Wretched is a tough band to describe. Personally, I consider them to be technical-death metal. Some will read this and immediately think of Beneath the Massacre or Brain Drill, but Wretched sounds nothing like either. They use technical and progressive riffs throughout, but they take a back seat to the blast beats  and shreds that sound most similar to The Black Dahlia Murder. The proggy and techy riffs are deliberately written as part of the song structure, and for this reason never interrupt the listening experience like one might think. This description specifically describes their latest album, Beyond the Gate.

Wretched’s first album, The Exodus of Autonomy, was a little more chuggier and at times sounded like Through The Eyes of The Dead’s Bloodlust. Beyond the Gate trades out much of the chugging (though not all of it) for plenty of screaming guitar solos. The shift in album art between the two albums coincides with this change, displaying an ominous face melting blast furnace.

The first song, “Birthing Sloth”, sets the tone for the album, sounding most similar to TBDM’S Deflorate with added prog and tech riffs.  The track closes with an older slow piano-key tapping Spanish tune.
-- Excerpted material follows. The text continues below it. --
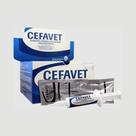 Cefavet 10ML - CEVA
It creates a creepy atmosphere similar to the older music featured in the PC game Bioshock. Spanish themes were also featured on The Exodus of Autonomy, acoustically as part of several  instrumentals. These themes find their way back to Beyond the Gate as well. The third track, “In the Marrow”, serves as a bridge featuring a solo which resembles one found on The Red Chord’s “It Came From Over There”. Track five, “Cimmerian Shamballa”, shows off a groove-worthy riff that hints toward Between the Buried and Me. From this point forward Beyond the Gate enjoys three consecutive instrumentals. “On the Horizon” sounds like a symphonic orchestra, while “Part I: Aberration” starts off techy and then transitions to some Eastern Indian themes. “Part II: Beyond the Gate” enjoys the Spanish sounding melodic acoustics described previously. The album closes with the outro “Eternal Translucence”, which could be compared to The Chariot’s outro from “Daggers”, only much slower. This track is clearly used to close the album, and creates a dreadful helpless environment in doing so.

My only criticism with the album is “Part I: Aberration” loses flow toward the end of the track by dropping the Eastern Indian theme with no real transition but a brief moment of silence. This is very minor, though. Beyond the Gate demonstrates much improved and more concrete songwriting from The Exodus of Autonomy. The vocals largely remained the same in sound, but this is nothing to be critical of because they’re still good. While this review may seem “all over the place”, Wretched executes everything described under the umbrella of death-metal and the result is a diverse and rich piece of hard work.